The key to BIM Server and BIMcloud working well is per-element locking and updating. This is such a key advantage that Graphisoft has patented the technique. It means that when designers work on a model, they lock out only the element on which they are working, whether a single wall segment or a zone consisting of several rooms — not the entire model. All the rest of the model is available for editing by any other designer.
(BIMcloud includes a messaging system so that designers can communicate with each other by text or video, such as asking another to release a locked element.)
Per-element updating means that the amount of data being transmitted over the Internet between offices is minimal, in the order of kilobytes—not mega- or gigabytes. This equates to updates being sent quickly and made frequently, even from computers or tablets hooked up to a cell phone.

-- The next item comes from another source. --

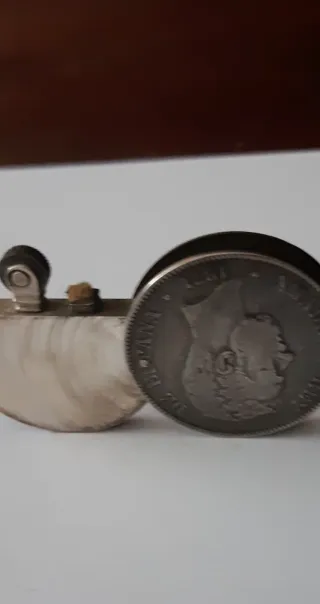 Encendedor de bolsillo, moneda.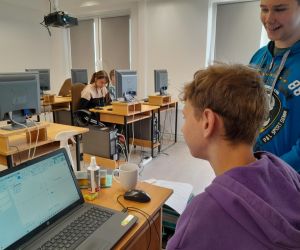 Uczniowie klasy siódmej tworzą projekt do wydruku 3D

BIMcloud works with BIM Server. A BIM Server is located in each office serving files to ArchiCAD running on desktop computers, while BIMcloud connects BIM Servers between offices. Because the design work is done with regular desktop software, no persistent Internet connection is required. For viewing drawings in client offices or in the field, Graphisoft offers BIMx for Android and iOS devices like iPads.
What do we think?
Graphisoft is frustrated by the lack of mindshare they have in North America. It’s a big market, but not for them. And so to get noticed, they put on a humdinger of a press launch, flying CAD media to Tokyo. Why Japan? This is a country where four of the five biggest architectural firms use ArchiCAD. (The fifth employs Revit.)

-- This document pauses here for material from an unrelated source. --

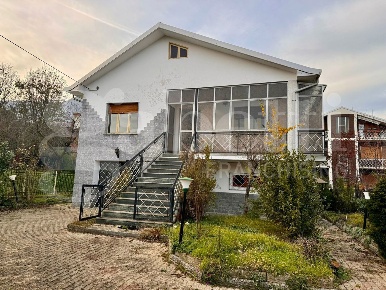 Foto Villa singola in Merlino, Sangano di 200 m² con 6 locali in vendita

It didn’t help the cause, however. BIMcloud is not a simple story to tell the media. The IT aspects of cloud-networked file management is not something on which we are comfortable reporting; our backgrounds are in engineering and architecture, not computer science, and we suspect the same may hold true for architecture and engineering principals. And so Graphisoft executives spent a patient three hours answering all our questions.

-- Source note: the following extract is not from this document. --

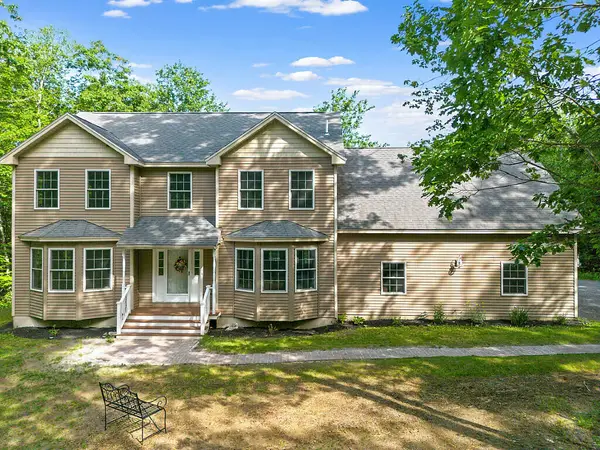 25 Lake Grove Lane, Auburn, ME 04210
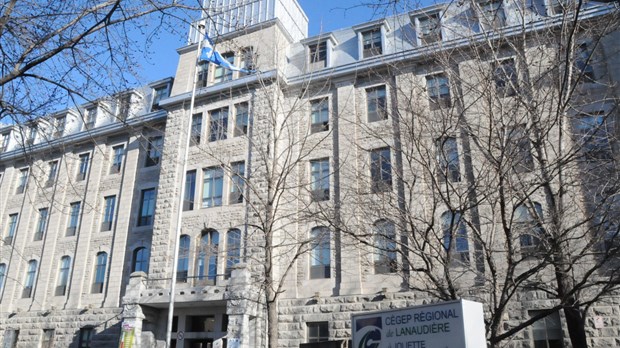 Les compressions font craindre le pire au cégep de Joliette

Another failing is that the “ArchiCAD” name pigeon-holes the software for architectural design. It is not well known that Nemetschek also owns ancillary software, such as respectable rendering (Maxon) and structure analysis packages (Scia). The company does not market them organically – a disadvantage of Nemetschek’s hands-off management policy of the subsidiaries. (By contrast, Autodesk merges all its software in multiple suites and then markets the heck out of the lot.) Perhaps this silo’ing will change, as the company’s reformed management board consists of the CEOs of Allplan, Graphisoft, and Vectorworks.
Nevertheless, Graphisoft is confident it can at least capture the rest of Asia through the domino effect. Small architecture firms in Japan take their cue from the large ones (who are dominated by ArchiCAD), and the rest of Asia takes its technology cues from Japan, a country known for testing new stuff carefully before adopting it.